**SUPPLIED RECORDS**
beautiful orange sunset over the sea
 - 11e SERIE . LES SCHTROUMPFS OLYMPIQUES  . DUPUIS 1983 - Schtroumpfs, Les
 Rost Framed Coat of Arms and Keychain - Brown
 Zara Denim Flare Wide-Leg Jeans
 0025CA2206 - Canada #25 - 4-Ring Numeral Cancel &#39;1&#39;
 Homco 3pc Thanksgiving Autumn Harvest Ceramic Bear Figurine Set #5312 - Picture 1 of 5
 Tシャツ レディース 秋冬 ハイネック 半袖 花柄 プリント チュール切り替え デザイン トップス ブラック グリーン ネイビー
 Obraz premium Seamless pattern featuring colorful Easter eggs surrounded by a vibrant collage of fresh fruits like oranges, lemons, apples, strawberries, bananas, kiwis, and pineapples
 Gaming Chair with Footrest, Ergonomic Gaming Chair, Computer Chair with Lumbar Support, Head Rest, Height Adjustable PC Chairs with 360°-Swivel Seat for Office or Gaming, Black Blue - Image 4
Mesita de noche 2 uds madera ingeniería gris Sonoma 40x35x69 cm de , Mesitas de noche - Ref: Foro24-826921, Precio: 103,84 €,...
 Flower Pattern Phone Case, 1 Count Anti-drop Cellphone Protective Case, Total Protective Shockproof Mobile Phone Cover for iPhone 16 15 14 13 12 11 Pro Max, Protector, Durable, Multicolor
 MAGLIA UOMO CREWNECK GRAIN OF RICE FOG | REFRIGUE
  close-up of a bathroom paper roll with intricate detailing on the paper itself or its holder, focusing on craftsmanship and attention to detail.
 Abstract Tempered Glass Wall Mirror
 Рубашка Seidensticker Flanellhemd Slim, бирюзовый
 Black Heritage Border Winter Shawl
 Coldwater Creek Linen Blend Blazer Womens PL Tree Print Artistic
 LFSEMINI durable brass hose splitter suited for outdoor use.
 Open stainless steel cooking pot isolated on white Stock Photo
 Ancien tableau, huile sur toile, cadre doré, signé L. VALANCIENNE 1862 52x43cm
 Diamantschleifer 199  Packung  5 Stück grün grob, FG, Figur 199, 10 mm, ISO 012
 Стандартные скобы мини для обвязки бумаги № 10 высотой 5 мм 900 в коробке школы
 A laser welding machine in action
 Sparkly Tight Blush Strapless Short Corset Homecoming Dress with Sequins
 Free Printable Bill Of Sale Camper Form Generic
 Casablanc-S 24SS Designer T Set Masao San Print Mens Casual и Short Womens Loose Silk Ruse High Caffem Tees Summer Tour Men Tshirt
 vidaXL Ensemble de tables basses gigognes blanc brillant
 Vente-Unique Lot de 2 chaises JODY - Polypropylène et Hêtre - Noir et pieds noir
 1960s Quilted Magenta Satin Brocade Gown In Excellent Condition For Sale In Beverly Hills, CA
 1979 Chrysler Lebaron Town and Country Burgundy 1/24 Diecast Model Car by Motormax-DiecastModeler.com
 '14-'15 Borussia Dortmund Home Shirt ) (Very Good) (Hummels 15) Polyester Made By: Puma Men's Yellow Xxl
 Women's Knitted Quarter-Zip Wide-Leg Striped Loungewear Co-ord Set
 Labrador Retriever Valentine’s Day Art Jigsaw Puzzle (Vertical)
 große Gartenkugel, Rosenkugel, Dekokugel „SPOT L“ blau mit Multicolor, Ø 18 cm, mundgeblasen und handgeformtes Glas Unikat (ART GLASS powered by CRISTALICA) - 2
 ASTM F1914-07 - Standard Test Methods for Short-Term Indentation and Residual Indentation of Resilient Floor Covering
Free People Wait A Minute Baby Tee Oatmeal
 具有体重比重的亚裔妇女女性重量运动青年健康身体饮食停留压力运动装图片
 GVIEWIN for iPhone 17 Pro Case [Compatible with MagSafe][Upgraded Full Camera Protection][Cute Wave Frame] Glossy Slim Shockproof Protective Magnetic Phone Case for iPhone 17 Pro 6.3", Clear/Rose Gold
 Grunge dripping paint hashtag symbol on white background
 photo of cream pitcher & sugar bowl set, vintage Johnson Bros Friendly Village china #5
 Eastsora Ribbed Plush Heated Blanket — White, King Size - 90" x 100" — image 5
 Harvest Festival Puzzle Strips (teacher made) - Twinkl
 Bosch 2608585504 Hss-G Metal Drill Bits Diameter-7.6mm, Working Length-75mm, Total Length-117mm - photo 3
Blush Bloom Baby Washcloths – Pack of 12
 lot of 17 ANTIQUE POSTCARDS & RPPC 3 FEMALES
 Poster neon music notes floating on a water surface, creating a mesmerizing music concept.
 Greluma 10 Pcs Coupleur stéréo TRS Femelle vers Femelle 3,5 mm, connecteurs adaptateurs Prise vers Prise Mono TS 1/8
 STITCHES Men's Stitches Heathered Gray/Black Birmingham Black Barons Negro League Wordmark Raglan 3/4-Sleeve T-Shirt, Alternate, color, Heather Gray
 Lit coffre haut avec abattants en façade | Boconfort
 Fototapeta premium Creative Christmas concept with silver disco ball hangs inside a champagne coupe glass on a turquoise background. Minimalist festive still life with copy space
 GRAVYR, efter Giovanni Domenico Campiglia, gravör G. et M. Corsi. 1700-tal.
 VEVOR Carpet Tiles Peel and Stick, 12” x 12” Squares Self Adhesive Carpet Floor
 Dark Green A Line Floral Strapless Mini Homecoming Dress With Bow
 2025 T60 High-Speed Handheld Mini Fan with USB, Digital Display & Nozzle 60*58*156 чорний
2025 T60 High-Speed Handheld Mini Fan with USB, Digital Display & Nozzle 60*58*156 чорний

**WHAT IS NEEDED**
Each record above should be set down again in its exact wording.

**RESULT FOR THIS EXERCISE**
beautiful orange sunset over the sea
 - 11e SERIE . LES SCHTROUMPFS OLYMPIQUES  . DUPUIS 1983 - Schtroumpfs, Les
 Rost Framed Coat of Arms and Keychain - Brown
 Zara Denim Flare Wide-Leg Jeans
 0025CA2206 - Canada #25 - 4-Ring Numeral Cancel &#39;1&#39;
 Homco 3pc Thanksgiving Autumn Harvest Ceramic Bear Figurine Set #5312 - Picture 1 of 5
 Tシャツ レディース 秋冬 ハイネック 半袖 花柄 プリント チュール切り替え デザイン トップス ブラック グリーン ネイビー
 Obraz premium Seamless pattern featuring colorful Easter eggs surrounded by a vibrant collage of fresh fruits like oranges, lemons, apples, strawberries, bananas, kiwis, and pineapples
 Gaming Chair with Footrest, Ergonomic Gaming Chair, Computer Chair with Lumbar Support, Head Rest, Height Adjustable PC Chairs with 360°-Swivel Seat for Office or Gaming, Black Blue - Image 4
Mesita de noche 2 uds madera ingeniería gris Sonoma 40x35x69 cm de , Mesitas de noche - Ref: Foro24-826921, Precio: 103,84 €,...
 Flower Pattern Phone Case, 1 Count Anti-drop Cellphone Protective Case, Total Protective Shockproof Mobile Phone Cover for iPhone 16 15 14 13 12 11 Pro Max, Protector, Durable, Multicolor
 MAGLIA UOMO CREWNECK GRAIN OF RICE FOG | REFRIGUE
  close-up of a bathroom paper roll with intricate detailing on the paper itself or its holder, focusing on craftsmanship and attention to detail.
 Abstract Tempered Glass Wall Mirror
 Рубашка Seidensticker Flanellhemd Slim, бирюзовый
 Black Heritage Border Winter Shawl
 Coldwater Creek Linen Blend Blazer Womens PL Tree Print Artistic
 LFSEMINI durable brass hose splitter suited for outdoor use.
 Open stainless steel cooking pot isolated on white Stock Photo
 Ancien tableau, huile sur toile, cadre doré, signé L. VALANCIENNE 1862 52x43cm
 Diamantschleifer 199  Packung  5 Stück grün grob, FG, Figur 199, 10 mm, ISO 012
 Стандартные скобы мини для обвязки бумаги № 10 высотой 5 мм 900 в коробке школы
 A laser welding machine in action
 Sparkly Tight Blush Strapless Short Corset Homecoming Dress with Sequins
 Free Printable Bill Of Sale Camper Form Generic
 Casablanc-S 24SS Designer T Set Masao San Print Mens Casual и Short Womens Loose Silk Ruse High Caffem Tees Summer Tour Men Tshirt
 vidaXL Ensemble de tables basses gigognes blanc brillant
 Vente-Unique Lot de 2 chaises JODY - Polypropylène et Hêtre - Noir et pieds noir
 1960s Quilted Magenta Satin Brocade Gown In Excellent Condition For Sale In Beverly Hills, CA
 1979 Chrysler Lebaron Town and Country Burgundy 1/24 Diecast Model Car by Motormax-DiecastModeler.com
 '14-'15 Borussia Dortmund Home Shirt ) (Very Good) (Hummels 15) Polyester Made By: Puma Men's Yellow Xxl
 Women's Knitted Quarter-Zip Wide-Leg Striped Loungewear Co-ord Set
 Labrador Retriever Valentine’s Day Art Jigsaw Puzzle (Vertical)
 große Gartenkugel, Rosenkugel, Dekokugel „SPOT L“ blau mit Multicolor, Ø 18 cm, mundgeblasen und handgeformtes Glas Unikat (ART GLASS powered by CRISTALICA) - 2
 ASTM F1914-07 - Standard Test Methods for Short-Term Indentation and Residual Indentation of Resilient Floor Covering
Free People Wait A Minute Baby Tee Oatmeal
 具有体重比重的亚裔妇女女性重量运动青年健康身体饮食停留压力运动装图片
 GVIEWIN for iPhone 17 Pro Case [Compatible with MagSafe][Upgraded Full Camera Protection][Cute Wave Frame] Glossy Slim Shockproof Protective Magnetic Phone Case for iPhone 17 Pro 6.3", Clear/Rose Gold
 Grunge dripping paint hashtag symbol on white background
 photo of cream pitcher & sugar bowl set, vintage Johnson Bros Friendly Village china #5
 Eastsora Ribbed Plush Heated Blanket — White, King Size - 90" x 100" — image 5
 Harvest Festival Puzzle Strips (teacher made) - Twinkl
 Bosch 2608585504 Hss-G Metal Drill Bits Diameter-7.6mm, Working Length-75mm, Total Length-117mm - photo 3
Blush Bloom Baby Washcloths – Pack of 12
 lot of 17 ANTIQUE POSTCARDS & RPPC 3 FEMALES
 Poster neon music notes floating on a water surface, creating a mesmerizing music concept.
 Greluma 10 Pcs Coupleur stéréo TRS Femelle vers Femelle 3,5 mm, connecteurs adaptateurs Prise vers Prise Mono TS 1/8
 STITCHES Men's Stitches Heathered Gray/Black Birmingham Black Barons Negro League Wordmark Raglan 3/4-Sleeve T-Shirt, Alternate, color, Heather Gray
 Lit coffre haut avec abattants en façade | Boconfort
 Fototapeta premium Creative Christmas concept with silver disco ball hangs inside a champagne coupe glass on a turquoise background. Minimalist festive still life with copy space
 GRAVYR, efter Giovanni Domenico Campiglia, gravör G. et M. Corsi. 1700-tal.
 VEVOR Carpet Tiles Peel and Stick, 12” x 12” Squares Self Adhesive Carpet Floor
 Dark Green A Line Floral Strapless Mini Homecoming Dress With Bow
 2025 T60 High-Speed Handheld Mini Fan with USB, Digital Display & Nozzle 60*58*156 чорний
2025 T60 High-Speed Handheld Mini Fan with USB, Digital Display & Nozzle 60*58*156 чорний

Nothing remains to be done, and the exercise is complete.